:: What to produce ::
Output the records exactly. Include every line.

== Data to process ==

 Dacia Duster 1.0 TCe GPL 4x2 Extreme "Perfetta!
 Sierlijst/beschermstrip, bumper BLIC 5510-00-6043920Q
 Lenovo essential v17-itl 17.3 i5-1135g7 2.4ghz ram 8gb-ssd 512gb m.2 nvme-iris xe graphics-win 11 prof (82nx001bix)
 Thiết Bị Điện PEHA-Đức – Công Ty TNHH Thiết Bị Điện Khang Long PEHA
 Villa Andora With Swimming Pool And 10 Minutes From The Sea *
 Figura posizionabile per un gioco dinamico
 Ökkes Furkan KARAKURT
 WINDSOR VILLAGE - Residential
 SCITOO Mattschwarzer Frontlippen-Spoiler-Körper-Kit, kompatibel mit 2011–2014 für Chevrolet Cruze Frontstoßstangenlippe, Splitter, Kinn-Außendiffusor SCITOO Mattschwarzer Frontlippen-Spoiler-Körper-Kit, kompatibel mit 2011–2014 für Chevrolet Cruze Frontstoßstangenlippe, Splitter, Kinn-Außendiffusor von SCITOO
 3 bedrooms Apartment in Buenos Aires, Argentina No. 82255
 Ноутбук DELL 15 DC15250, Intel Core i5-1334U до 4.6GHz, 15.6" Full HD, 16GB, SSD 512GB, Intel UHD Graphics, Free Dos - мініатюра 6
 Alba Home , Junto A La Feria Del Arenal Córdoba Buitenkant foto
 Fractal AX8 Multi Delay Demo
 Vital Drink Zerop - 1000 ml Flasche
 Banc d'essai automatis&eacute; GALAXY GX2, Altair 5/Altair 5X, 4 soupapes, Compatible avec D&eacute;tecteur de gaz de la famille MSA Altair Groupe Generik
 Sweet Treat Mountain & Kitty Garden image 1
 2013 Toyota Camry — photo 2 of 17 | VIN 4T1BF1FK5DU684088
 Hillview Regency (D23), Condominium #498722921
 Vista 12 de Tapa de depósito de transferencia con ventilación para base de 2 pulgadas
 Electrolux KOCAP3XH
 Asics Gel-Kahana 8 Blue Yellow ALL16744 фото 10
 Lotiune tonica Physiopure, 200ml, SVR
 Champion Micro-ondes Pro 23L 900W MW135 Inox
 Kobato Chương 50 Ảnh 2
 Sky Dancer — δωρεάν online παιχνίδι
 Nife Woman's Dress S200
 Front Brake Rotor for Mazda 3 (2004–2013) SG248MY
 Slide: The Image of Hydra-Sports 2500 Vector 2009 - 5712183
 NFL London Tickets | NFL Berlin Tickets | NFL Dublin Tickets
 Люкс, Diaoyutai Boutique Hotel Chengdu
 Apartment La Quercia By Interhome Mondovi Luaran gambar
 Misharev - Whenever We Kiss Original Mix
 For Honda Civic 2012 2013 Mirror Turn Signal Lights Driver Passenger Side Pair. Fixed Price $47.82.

===

:: Output below ::
 Dacia Duster 1.0 TCe GPL 4x2 Extreme "Perfetta!
 Sierlijst/beschermstrip, bumper BLIC 5510-00-6043920Q
 Lenovo essential v17-itl 17.3 i5-1135g7 2.4ghz ram 8gb-ssd 512gb m.2 nvme-iris xe graphics-win 11 prof (82nx001bix)
 Thiết Bị Điện PEHA-Đức – Công Ty TNHH Thiết Bị Điện Khang Long PEHA
 Villa Andora With Swimming Pool And 10 Minutes From The Sea *
 Figura posizionabile per un gioco dinamico
 Ökkes Furkan KARAKURT
 WINDSOR VILLAGE - Residential
 SCITOO Mattschwarzer Frontlippen-Spoiler-Körper-Kit, kompatibel mit 2011–2014 für Chevrolet Cruze Frontstoßstangenlippe, Splitter, Kinn-Außendiffusor SCITOO Mattschwarzer Frontlippen-Spoiler-Körper-Kit, kompatibel mit 2011–2014 für Chevrolet Cruze Frontstoßstangenlippe, Splitter, Kinn-Außendiffusor von SCITOO
 3 bedrooms Apartment in Buenos Aires, Argentina No. 82255
 Ноутбук DELL 15 DC15250, Intel Core i5-1334U до 4.6GHz, 15.6" Full HD, 16GB, SSD 512GB, Intel UHD Graphics, Free Dos - мініатюра 6
 Alba Home , Junto A La Feria Del Arenal Córdoba Buitenkant foto
 Fractal AX8 Multi Delay Demo
 Vital Drink Zerop - 1000 ml Flasche
 Banc d'essai automatis&eacute; GALAXY GX2, Altair 5/Altair 5X, 4 soupapes, Compatible avec D&eacute;tecteur de gaz de la famille MSA Altair Groupe Generik
 Sweet Treat Mountain & Kitty Garden image 1
 2013 Toyota Camry — photo 2 of 17 | VIN 4T1BF1FK5DU684088
 Hillview Regency (D23), Condominium #498722921
 Vista 12 de Tapa de depósito de transferencia con ventilación para base de 2 pulgadas
 Electrolux KOCAP3XH
 Asics Gel-Kahana 8 Blue Yellow ALL16744 фото 10
 Lotiune tonica Physiopure, 200ml, SVR
 Champion Micro-ondes Pro 23L 900W MW135 Inox
 Kobato Chương 50 Ảnh 2
 Sky Dancer — δωρεάν online παιχνίδι
 Nife Woman's Dress S200
 Front Brake Rotor for Mazda 3 (2004–2013) SG248MY
 Slide: The Image of Hydra-Sports 2500 Vector 2009 - 5712183
 NFL London Tickets | NFL Berlin Tickets | NFL Dublin Tickets
 Люкс, Diaoyutai Boutique Hotel Chengdu
 Apartment La Quercia By Interhome Mondovi Luaran gambar
 Misharev - Whenever We Kiss Original Mix
 For Honda Civic 2012 2013 Mirror Turn Signal Lights Driver Passenger Side Pair. Fixed Price $47.82.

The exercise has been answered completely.